Saturday, October 27, 2012

World Series thoughts, some of which
are about baseball


Max Scherzer, trendsetter
Every time Detroit pitcher Max Scherzer is interviewed on TV, I can practically hear the internet clog up as people rush to their computers to Google what the heck is going on with his eyes. Scherzer has heterochromia iridum—his eyes are different colors. But not just a little different, as is the case with Jane Seymour and Mila Kunis and Christopher Walken, all of whom (yes, I Googled this) have the same condition. Scherzer’s eyes are wildly different colors—one brilliant blue, the other dark brown. They’re mesmerizing and exquisitely beautiful to look at, and they contrast with each other so drastically that the only similar examples on the Wikipedia page are white cats and Malamutes. I predict that, thanks to Scherzer, mismatched eye color will soon be the hot new fashion trend. Contact lens moguls are watching this World Series, rubbing their hands in greedy glee.
  

The magic necklaces are back
A few years ago, I ridiculed the Texas Rangers for wearing ropey magnetic necklaces during the playoffs. They lost anyway, and I had fun immaturely taunting the TV—“Where are your magic necklaces now?” But the necklaces are back with a vengeance: More than half of the players in this year’s World Series are wearing them—sometimes two or three at a time, as if they had sailboats tethered to them, bobbing around just offscreen. The magnetic necklaces are said to improve circulation and help players recover more quickly from injury, and I know these guys have to do everything they can to stay healthy and make enough money to last them the rest of their lives.

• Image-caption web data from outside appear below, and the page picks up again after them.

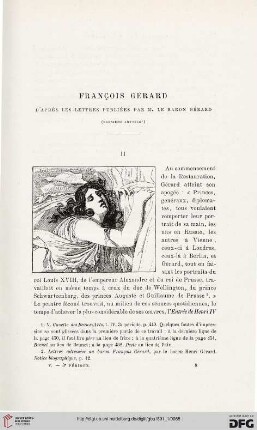 3. Pér. 5.1891: François Gérard, 2 : d'après les lettres publiées par M. le Baron Gérard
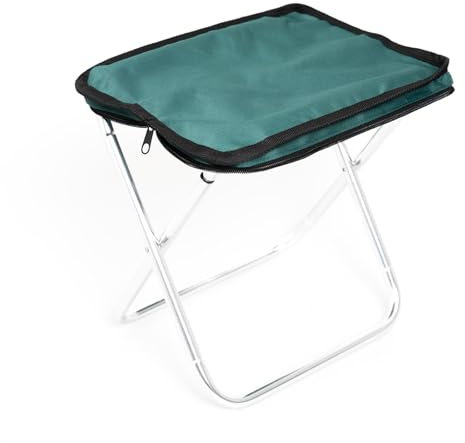 Solinder Klappbarer Campinghocker Tragbarer, zusammenklappbarer Campinghocker, mit Reißverschluss verpackter Hocker, Leichter zusammenklappbarer Hocker für Outdoor-Camping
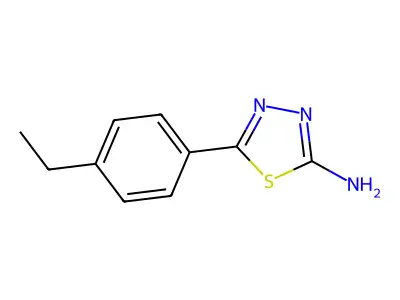 5-(4-Ethylphenyl)-1,3,4-thiadiazol-2-amine structure
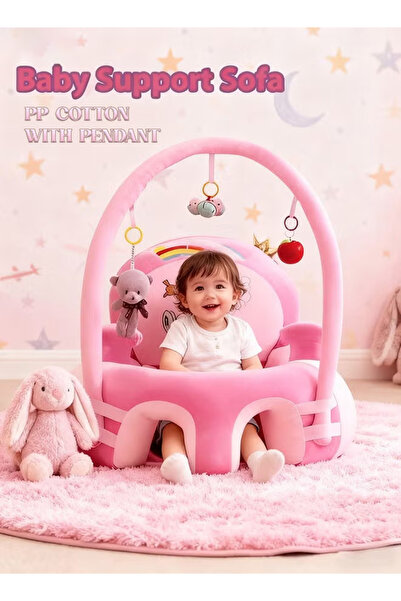 Generic مقعد أريكة لدعم الطفل، مضاد للسقوط، مناسب للأطفال فوق 6 أشهر، كرسي آم...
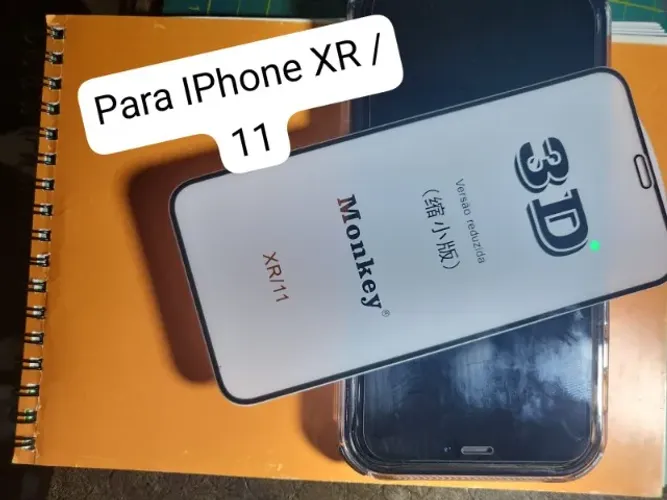 Kit 5x Películas Vidro 3d Compatível iPhone XR / iPhone 11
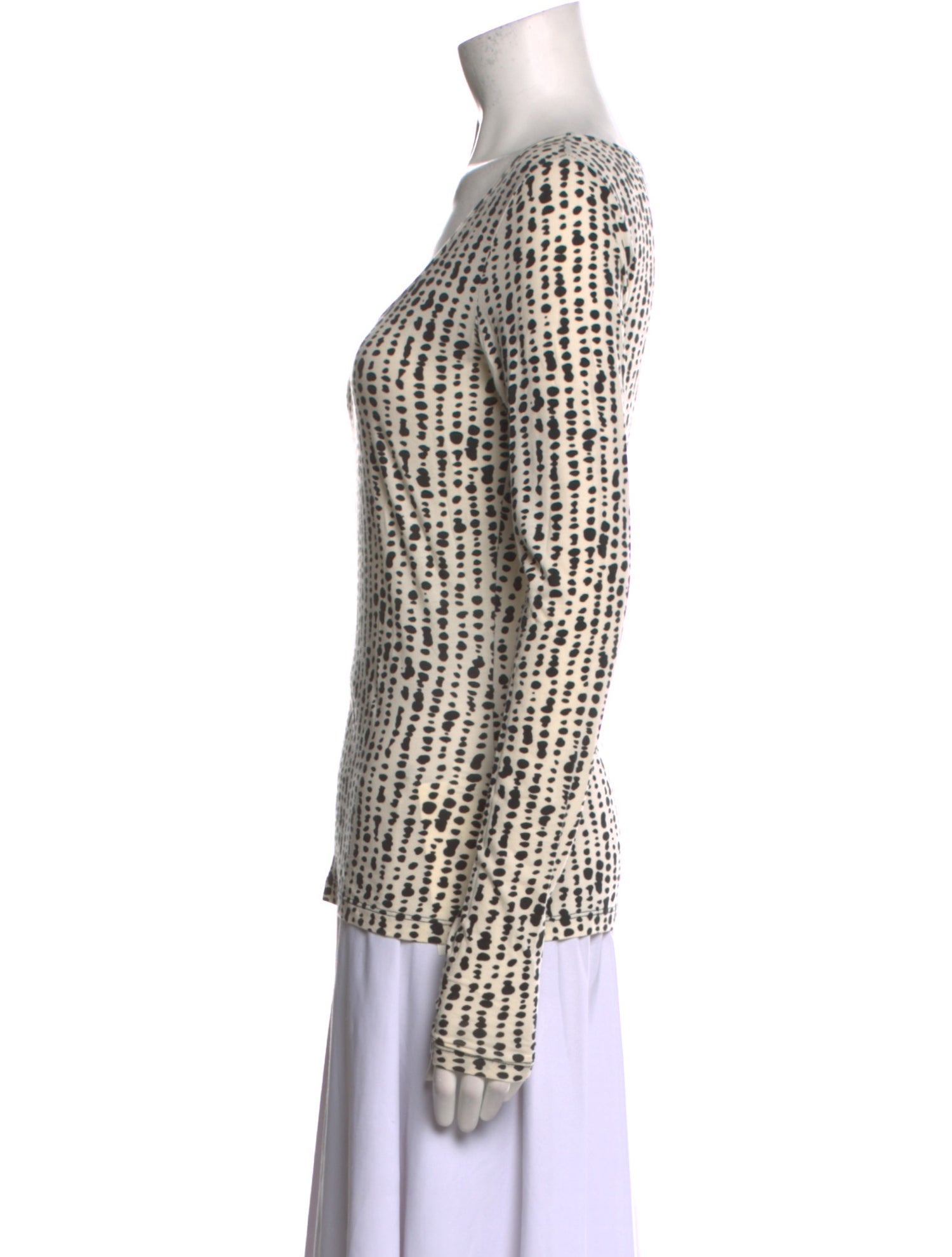 Proenza Schouler White Label Printed Scoop Neck Top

But every time I see one of those necklaces, I wonder if, under his socks, the player also has those Kinoki “detoxifying” pads stuck to the bottoms of his feet.


What we look like at 5,000 frames per second
In this year’s postseason, Fox Sports is debuting its new toy: a super-slow-motion camera that takes an astonishing 5,000 frames per second. This is not the first time this year we’ve seen that technology—NBC trotted out a couple of super-slo-mo cameras at the Olympics. But NBC used them for evil, often to show—and make fun of—the contorted faces of gymnasts and divers as they torqued their bodies into unnatural twists. But Fox has managed to make their baseball slo-mo shots beautiful: the rippling muscles of a batter’s arms, the flex and bend of the bat as it contacts the ball, and that fantastic, iconic shot of Giants pitcher Sergio Romo yelling in the rain just after he closed out the final game of the NLCS. Of course they have to occasionally show us grotesque shots of pitchers practically breaking their elbows while throwing fastballs, but that’s nothing new. All I can say is, thank God these cameras weren’t around when Joe Theismann broke his leg.

 


Go, Sleet!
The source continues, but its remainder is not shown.